Print all the records exactly, please.

- Opening Delimiter -

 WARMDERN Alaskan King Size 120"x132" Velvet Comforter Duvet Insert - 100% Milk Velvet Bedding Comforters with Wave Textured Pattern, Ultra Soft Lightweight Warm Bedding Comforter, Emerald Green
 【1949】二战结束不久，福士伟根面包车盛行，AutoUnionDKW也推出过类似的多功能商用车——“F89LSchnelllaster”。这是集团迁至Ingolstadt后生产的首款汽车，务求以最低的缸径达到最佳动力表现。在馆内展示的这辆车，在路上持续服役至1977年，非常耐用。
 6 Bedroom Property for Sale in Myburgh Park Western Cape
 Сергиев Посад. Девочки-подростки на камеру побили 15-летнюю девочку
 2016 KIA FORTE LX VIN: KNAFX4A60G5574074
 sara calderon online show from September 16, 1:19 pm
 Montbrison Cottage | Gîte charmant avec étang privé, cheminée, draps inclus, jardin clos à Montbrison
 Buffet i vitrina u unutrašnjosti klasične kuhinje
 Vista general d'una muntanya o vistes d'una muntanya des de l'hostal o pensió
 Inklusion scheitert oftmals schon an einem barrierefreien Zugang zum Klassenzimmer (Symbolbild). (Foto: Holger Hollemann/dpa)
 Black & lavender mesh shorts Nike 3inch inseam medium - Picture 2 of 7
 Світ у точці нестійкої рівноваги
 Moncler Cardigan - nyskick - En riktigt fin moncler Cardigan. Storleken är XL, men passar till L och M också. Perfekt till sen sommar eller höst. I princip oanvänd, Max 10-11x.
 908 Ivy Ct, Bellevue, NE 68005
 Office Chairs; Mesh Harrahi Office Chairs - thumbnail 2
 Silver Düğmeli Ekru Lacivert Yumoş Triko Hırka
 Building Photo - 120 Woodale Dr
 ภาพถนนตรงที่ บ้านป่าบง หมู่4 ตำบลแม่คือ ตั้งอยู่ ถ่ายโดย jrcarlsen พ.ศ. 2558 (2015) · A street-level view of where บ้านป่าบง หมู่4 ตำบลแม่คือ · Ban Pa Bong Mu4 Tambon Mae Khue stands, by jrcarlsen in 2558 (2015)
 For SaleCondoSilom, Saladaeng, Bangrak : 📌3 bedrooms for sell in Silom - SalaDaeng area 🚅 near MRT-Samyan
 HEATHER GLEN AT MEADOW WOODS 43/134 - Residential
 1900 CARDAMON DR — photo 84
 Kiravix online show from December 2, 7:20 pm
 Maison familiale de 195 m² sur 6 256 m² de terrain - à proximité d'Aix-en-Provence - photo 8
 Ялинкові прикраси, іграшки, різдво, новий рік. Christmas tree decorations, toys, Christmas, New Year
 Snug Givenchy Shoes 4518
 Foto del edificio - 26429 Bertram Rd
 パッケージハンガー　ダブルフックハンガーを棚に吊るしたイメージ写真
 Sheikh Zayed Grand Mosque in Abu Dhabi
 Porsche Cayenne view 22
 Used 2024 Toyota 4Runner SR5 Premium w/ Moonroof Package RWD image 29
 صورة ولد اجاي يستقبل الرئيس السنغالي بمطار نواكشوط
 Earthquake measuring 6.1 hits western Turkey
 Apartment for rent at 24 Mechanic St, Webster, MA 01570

- Closing Delimiter -

## Answer box
 WARMDERN Alaskan King Size 120"x132" Velvet Comforter Duvet Insert - 100% Milk Velvet Bedding Comforters with Wave Textured Pattern, Ultra Soft Lightweight Warm Bedding Comforter, Emerald Green
 【1949】二战结束不久，福士伟根面包车盛行，AutoUnionDKW也推出过类似的多功能商用车——“F89LSchnelllaster”。这是集团迁至Ingolstadt后生产的首款汽车，务求以最低的缸径达到最佳动力表现。在馆内展示的这辆车，在路上持续服役至1977年，非常耐用。
 6 Bedroom Property for Sale in Myburgh Park Western Cape
 Сергиев Посад. Девочки-подростки на камеру побили 15-летнюю девочку
 2016 KIA FORTE LX VIN: KNAFX4A60G5574074
 sara calderon online show from September 16, 1:19 pm
 Montbrison Cottage | Gîte charmant avec étang privé, cheminée, draps inclus, jardin clos à Montbrison
 Buffet i vitrina u unutrašnjosti klasične kuhinje
 Vista general d'una muntanya o vistes d'una muntanya des de l'hostal o pensió
 Inklusion scheitert oftmals schon an einem barrierefreien Zugang zum Klassenzimmer (Symbolbild). (Foto: Holger Hollemann/dpa)
 Black & lavender mesh shorts Nike 3inch inseam medium - Picture 2 of 7
 Світ у точці нестійкої рівноваги
 Moncler Cardigan - nyskick - En riktigt fin moncler Cardigan. Storleken är XL, men passar till L och M också. Perfekt till sen sommar eller höst. I princip oanvänd, Max 10-11x.
 908 Ivy Ct, Bellevue, NE 68005
 Office Chairs; Mesh Harrahi Office Chairs - thumbnail 2
 Silver Düğmeli Ekru Lacivert Yumoş Triko Hırka
 Building Photo - 120 Woodale Dr
 ภาพถนนตรงที่ บ้านป่าบง หมู่4 ตำบลแม่คือ ตั้งอยู่ ถ่ายโดย jrcarlsen พ.ศ. 2558 (2015) · A street-level view of where บ้านป่าบง หมู่4 ตำบลแม่คือ · Ban Pa Bong Mu4 Tambon Mae Khue stands, by jrcarlsen in 2558 (2015)
 For SaleCondoSilom, Saladaeng, Bangrak : 📌3 bedrooms for sell in Silom - SalaDaeng area 🚅 near MRT-Samyan
 HEATHER GLEN AT MEADOW WOODS 43/134 - Residential
 1900 CARDAMON DR — photo 84
 Kiravix online show from December 2, 7:20 pm
 Maison familiale de 195 m² sur 6 256 m² de terrain - à proximité d'Aix-en-Provence - photo 8
 Ялинкові прикраси, іграшки, різдво, новий рік. Christmas tree decorations, toys, Christmas, New Year
 Snug Givenchy Shoes 4518
 Foto del edificio - 26429 Bertram Rd
 パッケージハンガー　ダブルフックハンガーを棚に吊るしたイメージ写真
 Sheikh Zayed Grand Mosque in Abu Dhabi
 Porsche Cayenne view 22
 Used 2024 Toyota 4Runner SR5 Premium w/ Moonroof Package RWD image 29
 صورة ولد اجاي يستقبل الرئيس السنغالي بمطار نواكشوط
 Earthquake measuring 6.1 hits western Turkey
 Apartment for rent at 24 Mechanic St, Webster, MA 01570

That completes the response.